(Short web captions)
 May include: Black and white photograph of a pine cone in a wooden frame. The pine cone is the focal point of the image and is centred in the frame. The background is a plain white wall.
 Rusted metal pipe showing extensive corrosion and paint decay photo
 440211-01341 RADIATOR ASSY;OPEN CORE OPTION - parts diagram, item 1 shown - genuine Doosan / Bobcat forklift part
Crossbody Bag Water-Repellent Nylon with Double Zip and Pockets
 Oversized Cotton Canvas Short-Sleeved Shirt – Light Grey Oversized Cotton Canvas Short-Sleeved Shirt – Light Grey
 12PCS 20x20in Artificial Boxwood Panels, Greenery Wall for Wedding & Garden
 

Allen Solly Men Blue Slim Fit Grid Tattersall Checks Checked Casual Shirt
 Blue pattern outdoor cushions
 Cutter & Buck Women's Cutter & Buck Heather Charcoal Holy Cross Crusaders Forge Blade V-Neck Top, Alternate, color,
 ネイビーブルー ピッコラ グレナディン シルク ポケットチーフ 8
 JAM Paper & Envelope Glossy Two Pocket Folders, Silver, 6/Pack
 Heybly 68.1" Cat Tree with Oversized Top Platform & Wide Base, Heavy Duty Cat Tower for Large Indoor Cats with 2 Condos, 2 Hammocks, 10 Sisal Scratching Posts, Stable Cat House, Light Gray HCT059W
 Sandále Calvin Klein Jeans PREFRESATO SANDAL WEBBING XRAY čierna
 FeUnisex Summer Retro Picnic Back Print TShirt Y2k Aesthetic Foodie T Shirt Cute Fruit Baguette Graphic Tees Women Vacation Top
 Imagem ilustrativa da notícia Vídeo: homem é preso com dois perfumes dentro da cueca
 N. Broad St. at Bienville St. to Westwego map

WORK REQUIRED:
Exactly the lines from the one containing "Sandále Calvin Klein" through the end of the entries above must be output, and no others.

OUTPUT BELOW:
 Sandále Calvin Klein Jeans PREFRESATO SANDAL WEBBING XRAY čierna
 FeUnisex Summer Retro Picnic Back Print TShirt Y2k Aesthetic Foodie T Shirt Cute Fruit Baguette Graphic Tees Women Vacation Top
 Imagem ilustrativa da notícia Vídeo: homem é preso com dois perfumes dentro da cueca
 N. Broad St. at Bienville St. to Westwego map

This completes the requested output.